This is what I will remember about Dad’s final days, how strong and courageous he was, in dealing not just with his sickness, but all the slings and arrows of life. I only hope that in my own life I can lead by example and tackle life’s problems with such tenacity.
I know it will take me time to feel the different aspects of his death in ways I can’t yet because it’s so fresh. I know that I am him in so many ways, and that I will always feel and know in some sense his presence in all of the rest of my life. So when I get married, if that ever happens, I know he will be there. When I get my first real job, he’ll be proud of me. If I ever get into graduate school, he will be more proud of me than anyone else in the world. And I know no matter what i do my Dad is so proud of me because he always made sure he was my biggest fan and supporter- A support from him that only the Michigan Football team knows.

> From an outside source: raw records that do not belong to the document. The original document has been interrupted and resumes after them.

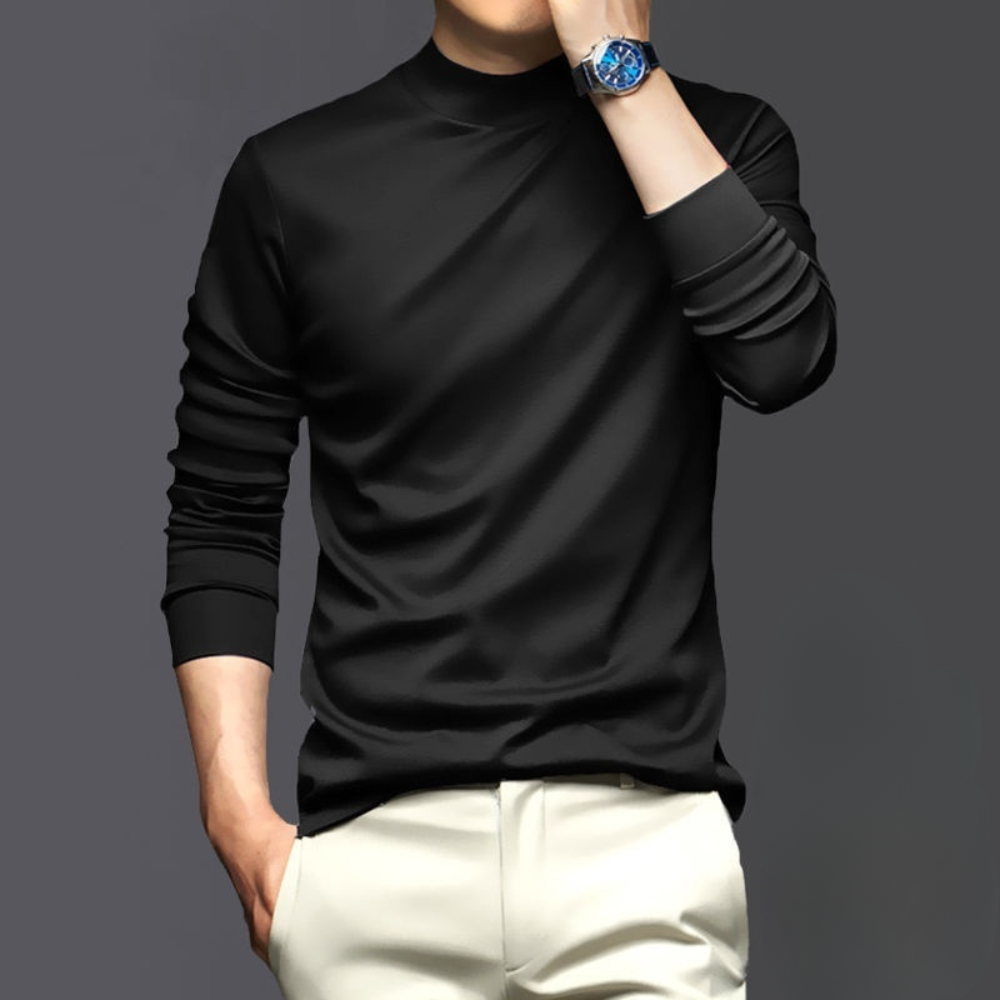 Warm and Comfortable Men's Long Sleeve - Dario-Black-S-Nora Luxe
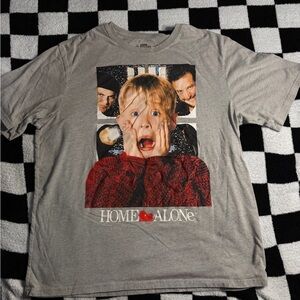 Home Alone Kevin Men's Large Regular Fit Short Sleeve T-Shirt Gray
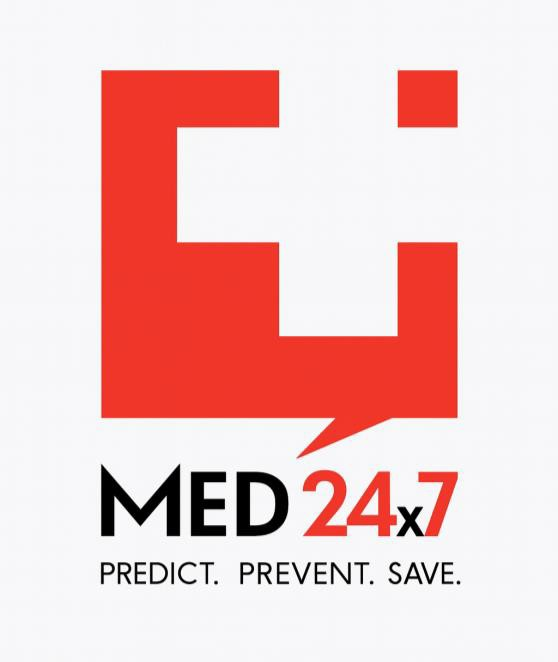 Med 24x7 logo with slogan Predict. Prevent. Save.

I will miss him in the smaller, more mundane moments when I can’t call him up at 11 0’clock at night just to chat. Or ask him to go to a matinee with me, even if it is the latest chick flick, something he clearly had no interest in, but would go with me anyway. I know I can’t ask him to take me out to dinner anymore when I have a craving for china gate’s Kung Pao chicken, but even so, he would know it was never really about the Kung Pao chicken, i just wanted to have dinner with my dad. And when I visit Ann Arbor, I know I can’t have him with me anymore. He’ll have to be with me in other ways. Dad always made sure to let me know that he loved me by saying “Have I told you lately that I love you?” I would roll my eyes and say “Yes, dad, you told me yesterday and he would say “Well, I love you, I want you to always know that.” And I always did, and always will.